Getting Started: Steps to Contribution
- Claim the issue: Indicate your interest by leaving a comment on the issue.
- Start with investigation: Begin by thoroughly understanding the available resources and libraries.
- Ask questions early: Don't hesitate to ask questions and seek clarification on any aspect of the implementation.
- Incremental PRs: Break the implementation into smaller, manageable pull requests.
Common Pitfalls: Avoiding Common Mistakes
- ❌ Don't do linear search: Avoid linear searching through all code points for each match; use optimized data structures.
- ❌ Don't hardcode Unicode data: Do not hardcode Unicode data; use libraries or generated tables.
- ❌ Don't forget property name aliases: Remember to support both short and long forms of property names.
- ❌ Don't forget case insensitivity: Ensure case-insensitive property name matching.

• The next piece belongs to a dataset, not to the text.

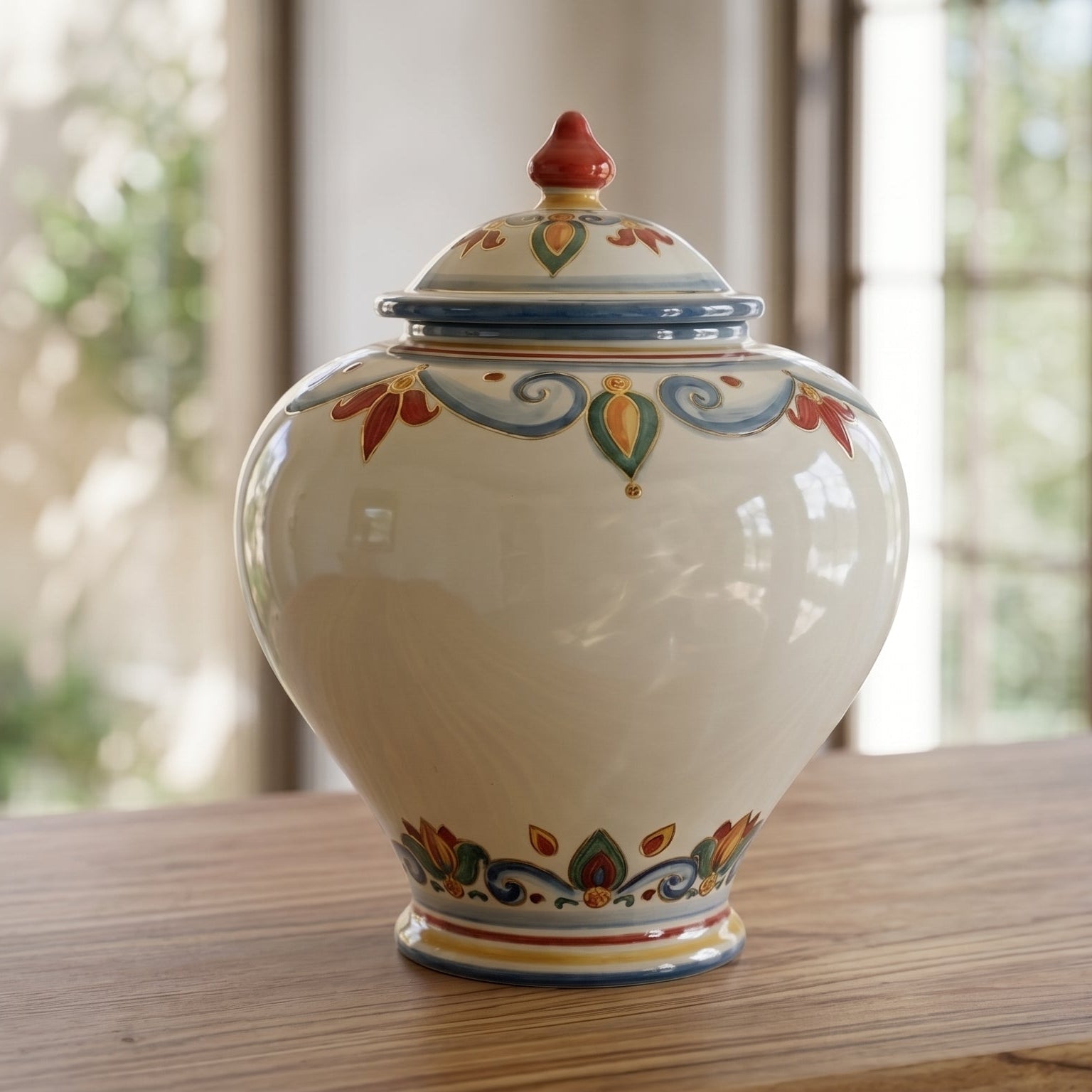 Italian Potiche Vase H 25 cm / 9.8", Decoro Sicily – Sicilian majolica handcrafted in Caltagirone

- ✅ Do optimize for common cases: Optimize for common cases like ASCII and frequently used properties.
- ✅ Do test with real Unicode text: Test with real Unicode text, including various scripts and languages.
Questions? Seeking Clarification
Implementing Unicode property support is a complex undertaking, and questions are inevitable. Don't hesitate to:
- Ask questions in the issue tracker.
- Discuss design decisions before implementing.
- Request code reviews early and often.
Related Issues: Connecting the Dots
Implementing Unicode property support has implications for other areas of the regex engine. Here are some related issues to consider.
- Blocks: RL1.4 (Word Boundaries) - requires Alphabetic and Nd properties.
- Blocks: RL1.5 (Case Insensitive) - requires case folding data.
- Enables: Much better Unicode support throughout the engine.
- After this: RL1.3 (Set Operations) works much better with
\p{...}.
Conclusion
Implementing Unicode properties support in a regular expression engine is a complex but essential task for achieving true Unicode compliance. By following a phased approach, conducting thorough testing, and leveraging available resources, developers can create a robust and efficient implementation that handles the diverse world of Unicode characters. This article has provided a detailed roadmap for this journey, from initial investigation to final testing, ensuring that the resulting regex engine can seamlessly handle Unicode text. For further information on Unicode regular expressions, consider exploring the Unicode Consortium's website.